Assemblage artist Ran Adler’s work is the physical manifestation of a deeply personal philosophical and spiritual practice. Dipping into a cache of natural materials gathered on daily wanderings and annual road trips, he creates large wall hangings and installations that form an energetic link between his St. Louis childhood and his chosen home in Naples, Florida.

Adler’s foray into assemblage art began when he opened his first floral studio while living in Kansas City, Missouri. Over the course of the next 25 years, he opened several studios in St. Louis and, eventually, Naples, and he started experimenting with drying materials and weaving them together. This process now forms the basis for much of his current work.

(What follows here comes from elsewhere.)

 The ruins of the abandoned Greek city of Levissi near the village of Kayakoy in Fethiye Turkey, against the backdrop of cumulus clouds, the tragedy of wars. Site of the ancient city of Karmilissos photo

wood with letters and writing enscribed

hanging thin wood branches with leaves

Working Intentionally with beloved materials, Ran Adler finds beauty in life and art.

needle and thread held by ran adler

Ran Adler works with several materials, including needle and thread.

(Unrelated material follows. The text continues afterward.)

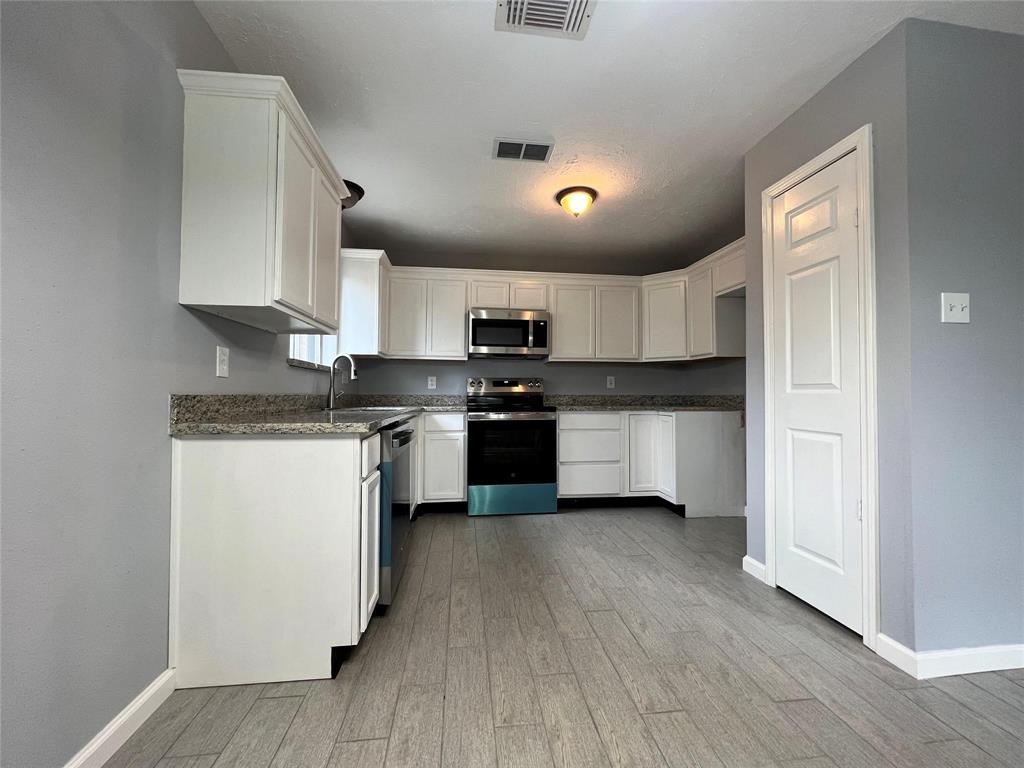 a kitchen with granite countertop white cabinets and stainless steel appliances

horsetail rush made of wood with picks to connect them

Other materials used include horsetail rush.

dried mahogany pods in a pot and tied together

Ran Adler uses dried mahogany pods among others for his materials.

mahobany pods close up and tied together

Adler is able to gather mahogany pods locally.

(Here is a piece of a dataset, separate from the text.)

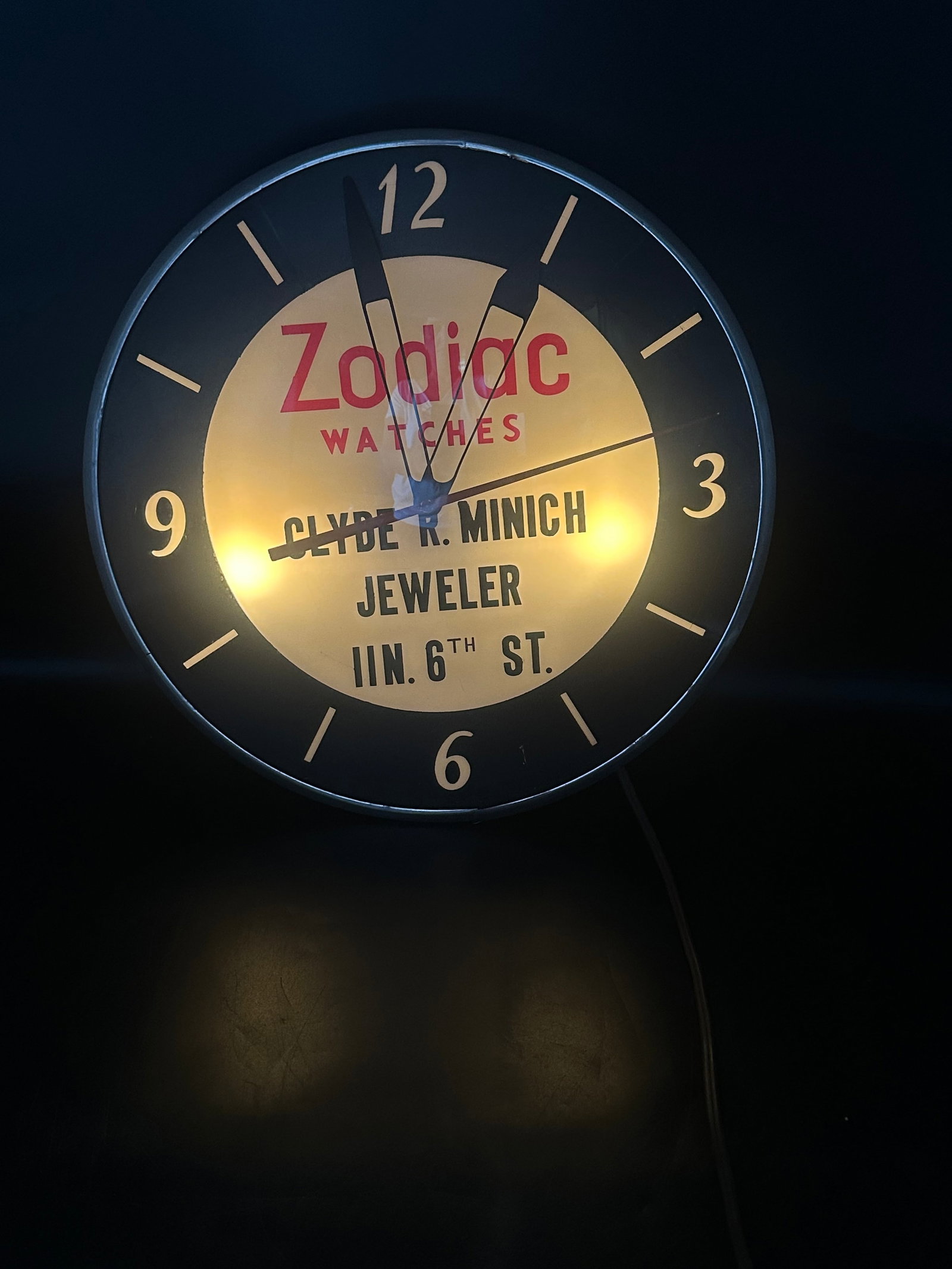Vintage Zodiac Watches Lighted Advertising Wall Clock: Mid-century illuminated Zodiac Watches advertising wall clock made for Clyde R. Minich Jeweler. Features a convex glass face, bold Zodiac branding, dealer lettering, and a metal case with internal lig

horsetail rush in brown bags

Adler goes on annual trips to St. Louis to gather horsetail rush.

table with pots and branches of art on the wall

With its white walls and influx of natural light, Adler’s minimalist sun porch studio has given his work a meditative quality.

Among the many natural materials Adler transforms into works of art is the horsetail rush he collects on trips to St. Louis. He uses wire to thread together the delicate segments to fashion bristly spirals and dangling, vegetal strands. Locally, he also gathers sea grapes, which, once dried, are punctured and strung together like rusty prayer beads before being combined in loose, woven structures that shift with gravity and time. And, drawing inspiration from Ghanaian artist El Anatsui, Adler drills holes in piles of mahogany pods before linking them with wire to form draped, undulating shapes evocative of bark, coral or lichen. “I’m taking something out of the agricultural pile and giving it another story,” he says.

The transformative power of narrative resonates with Adler on a personal level. “I’ve been a lot of people. I’ve lived in a lot of places,” he says. “But in this last chapter of my life, I’ve become the person I’ve always aspired to be.” In the past 15 years, Adler has methodically created a new pattern of existence focused on “the good things.” After selling or giving away most of his possessions, he moved into a small bungalow with a sun porch studio. White floors and walls provide a distraction-free space where he works on one piece at a time. “It wasn’t until I started to really concentrate on my work that I realized I was meditating,” he says.

This satisfying combination of reverie and action fueled Adler’s next artistic urge: to copy the writings of Persian poet Rumi. A felled orange tree formed his first blank slate and a wood burner became his quill. He continued to make smaller pieces using bits of hurricane-damaged fruit trees and driftwood scavenged from the banks of the Mississippi. More recently, Adler has been consumed with the work of Japanese poet Ryōkan. Indulging in a bit of playacting, he stitches the words in white-on-white linen, imagining himself as a poet so desperate to be heard that he sacrifices his own garments.

These stitched pieces, as well as many large creations representing all the materials he works with, will be showcased in January in his solo exhibition at Wasmer Art Gallery, the culmination of having spent the fall semester as artist in residence at Florida Gulf Coast University. This show, along with serving as the resident artist for designer Judith Liegeois, reflects the bounty of Adler’s intentional life. In celebration, he’s making an embroidered shawl. “I’m just going to wear these words: ‘compassion’ and ‘kindness’ and ‘empathy,’ all the things I want to be wrapped in,” he says. “It’s another way of expressing the moment.”